The Iron Law of Air Travel
The equilibrium we can’t escape
One story about why flying is miserable goes like this: consumers wanted cheap fares more than anything else, so airlines gave it to them, good and hard.
Air travel today is very cheap. Back in 1980, a round trip ticket between Chicago and Dallas cost around $185, so $725 in 2026 dollars.1 A similar ticket today would be about $480, meaning the flight is 33% cheaper. Sure, your seat is smaller, and the overhead bins are all full, and the plane is more crowded… but if you want a better experience, you can still pay extra for it. What most people want is low base prices, and we’ve got them, so stop complaining already.
Another story goes like this: in the last several decades, airlines have merged into a cozy oligopoly (‘because capitalism’) and killed competition. As a result, they now extract rents from captive passengers. Four carriers control 74% of the domestic market, and use their market power to shrink seats, charge for bags, and oversell flights because consumers have nowhere else to go. The problem is consolidation and monopoly, and the solution is antitrust.

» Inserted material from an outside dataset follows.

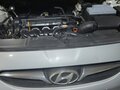 2011 Hyundai Solaris I, серебристый, 870000 рублей - вид 9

At first glance, both stories make sense. Consumer price sensitivity is certainly real, and consolidation has given airlines market power they’d never had before. Where they both fall short is the question of timing.
Airlines in the USA have had the legal freedom to charge for bags, unbundle fares, and cram seats tighter since deregulation back in 1978. Given that, why did bag fees appear in 2008 rather than 1988? Why did the ‘Basic Economy’ fare class emerge after 2012? Why did plane crowding (the percentage of occupied seats aboard a flight, which industry analysts call load factor) jump from 72% to 84% this century, rather than before?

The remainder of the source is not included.